WHAT TO DO →
Return only the lines below starting at the line containing "Exotic Tropical beach" and ending at the line containing "Insignia of twin", both included, exactly as they are and with no pictures.

STUDY MATERIAL →
•••••

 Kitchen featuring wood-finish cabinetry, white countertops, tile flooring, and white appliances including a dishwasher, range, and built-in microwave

•••••

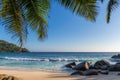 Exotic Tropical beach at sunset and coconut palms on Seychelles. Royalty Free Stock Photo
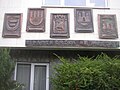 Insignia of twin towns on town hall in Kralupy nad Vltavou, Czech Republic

•••••

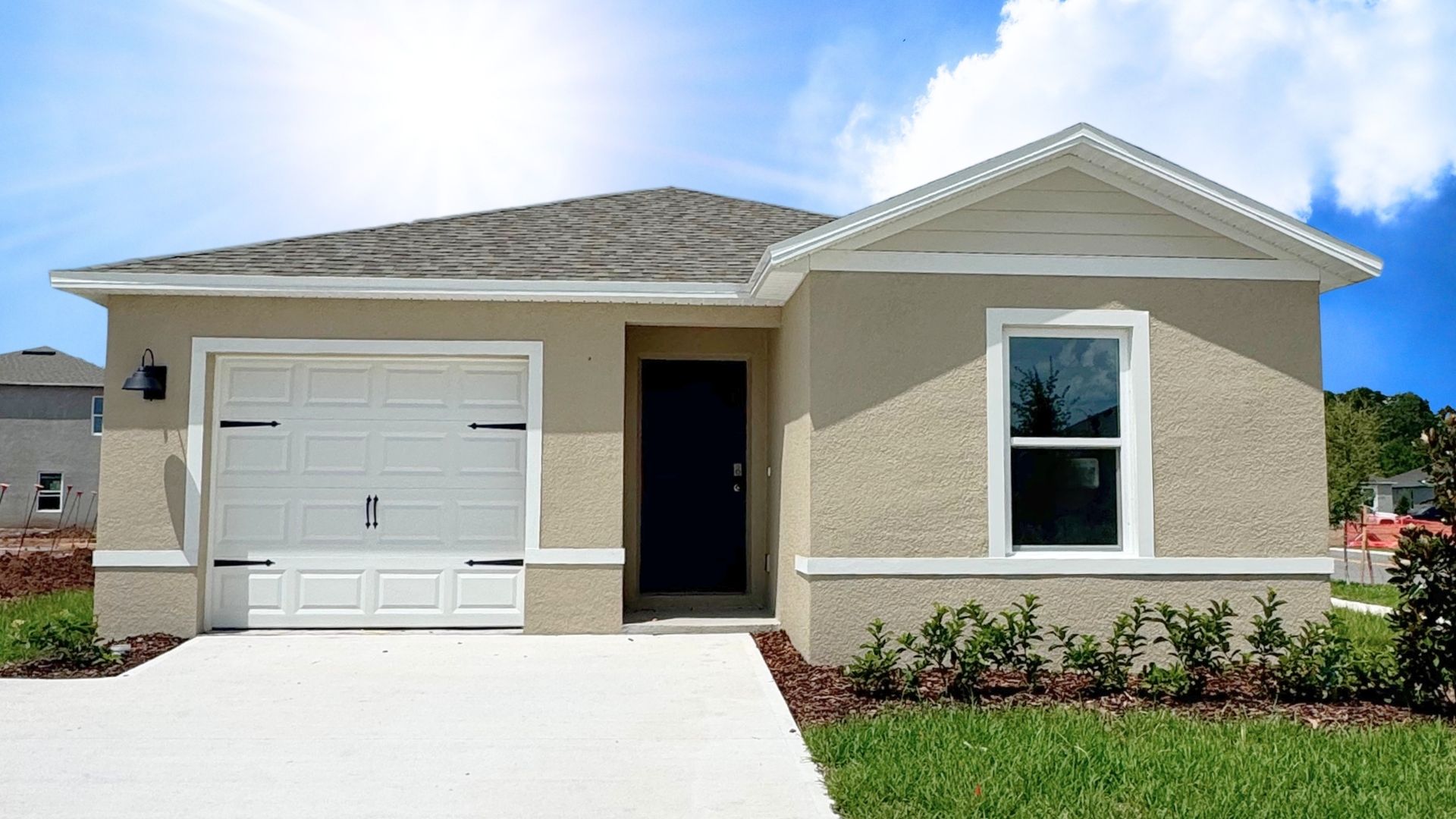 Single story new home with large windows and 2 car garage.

•••••

ANSWER →
 Exotic Tropical beach at sunset and coconut palms on Seychelles. Royalty Free Stock Photo
 Insignia of twin towns on town hall in Kralupy nad Vltavou, Czech Republic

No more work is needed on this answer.